Short text fragments from websites:
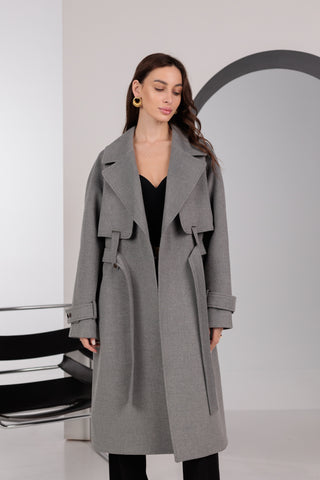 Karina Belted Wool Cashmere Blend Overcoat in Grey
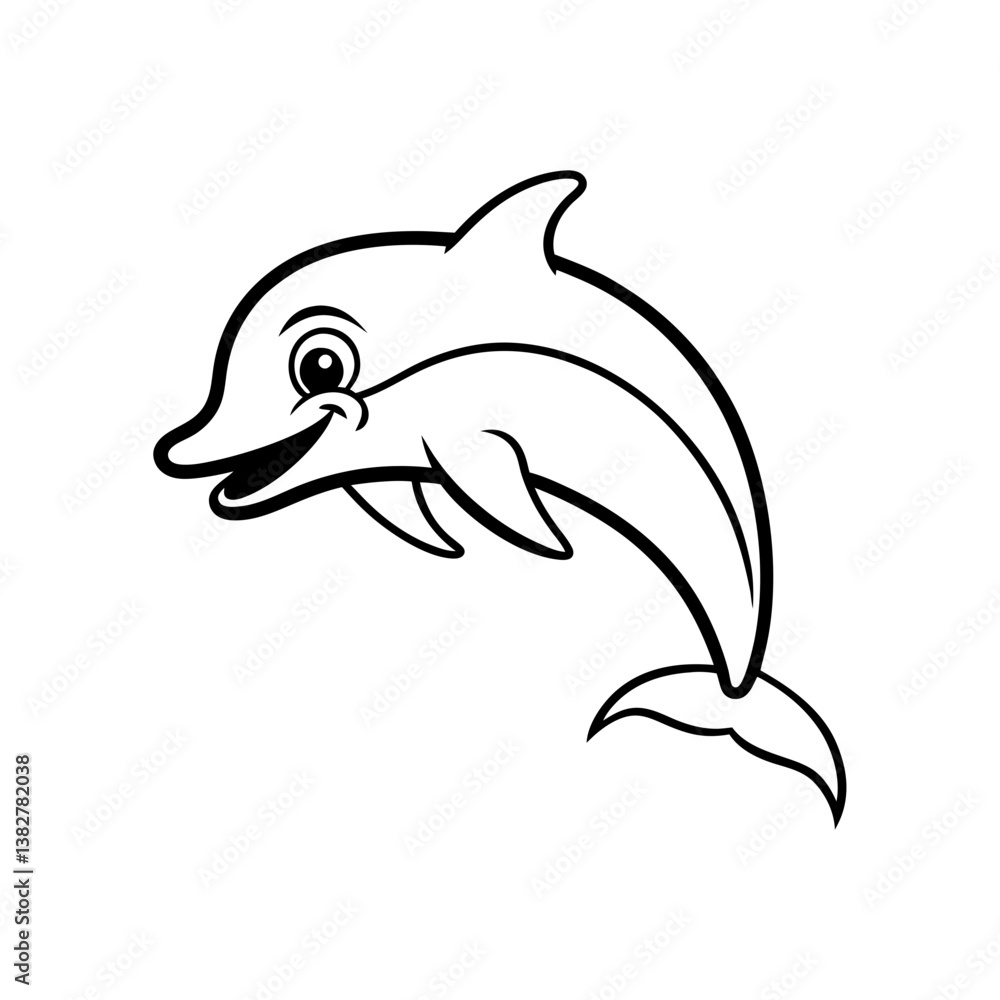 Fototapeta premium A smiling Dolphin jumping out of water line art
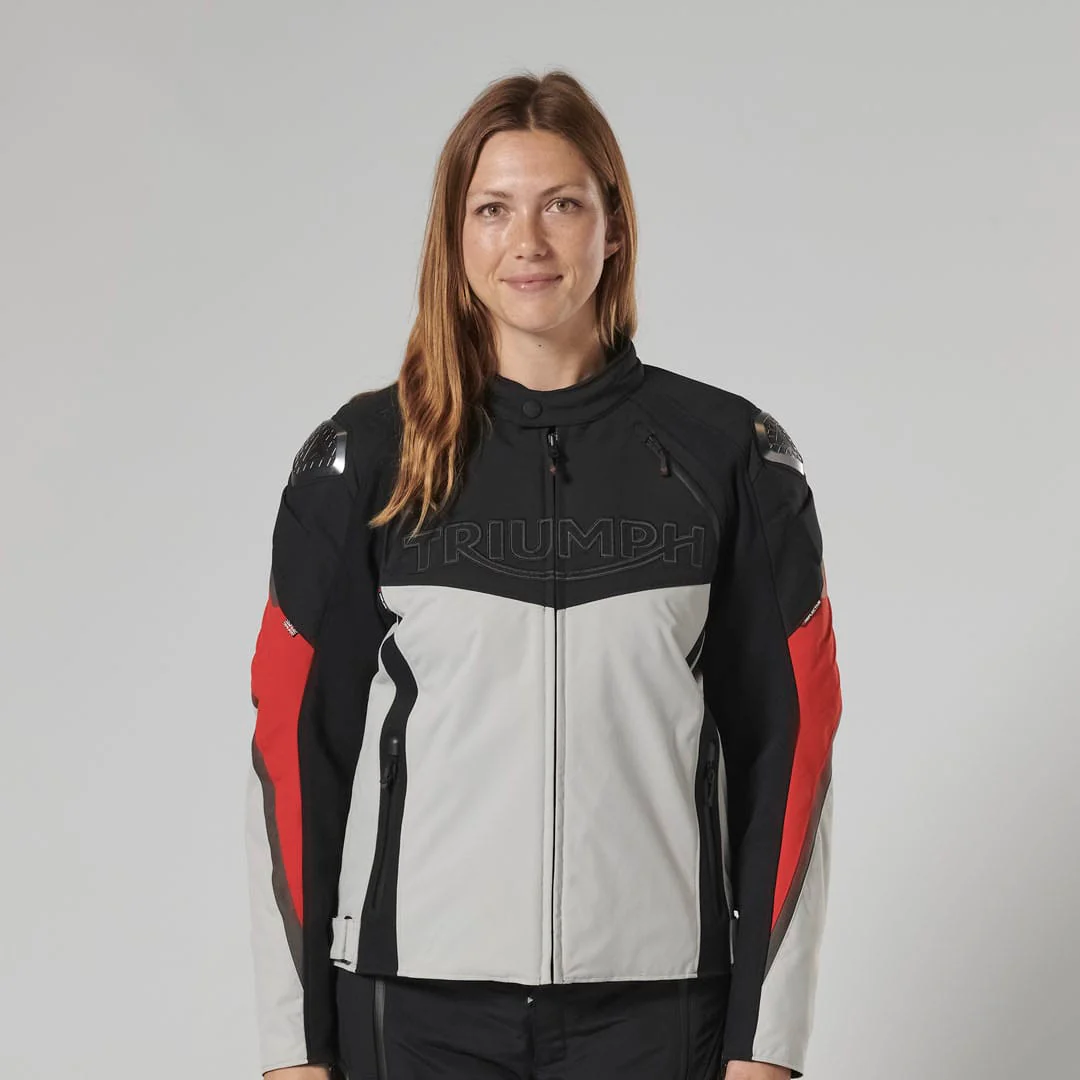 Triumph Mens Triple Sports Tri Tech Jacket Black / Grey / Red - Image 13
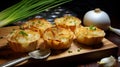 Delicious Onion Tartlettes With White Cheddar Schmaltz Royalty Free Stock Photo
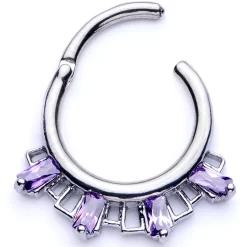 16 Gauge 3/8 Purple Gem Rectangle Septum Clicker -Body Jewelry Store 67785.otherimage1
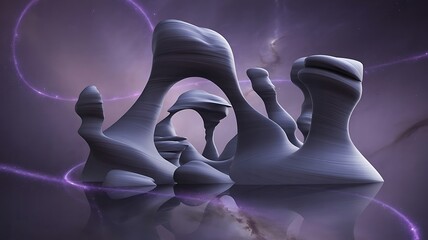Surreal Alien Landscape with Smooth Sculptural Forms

**WORK INSTRUCTIONS**
Could every line above be set down exactly, with the pictures omitted?

**TASK ANSWER**
 Karina Belted Wool Cashmere Blend Overcoat in Grey
 Fototapeta premium A smiling Dolphin jumping out of water line art
 Triumph Mens Triple Sports Tri Tech Jacket Black / Grey / Red - Image 13
 Delicious Onion Tartlettes With White Cheddar Schmaltz Royalty Free Stock Photo
 16 Gauge 3/8 Purple Gem Rectangle Septum Clicker -Body Jewelry Store 67785.otherimage1
Surreal Alien Landscape with Smooth Sculptural Forms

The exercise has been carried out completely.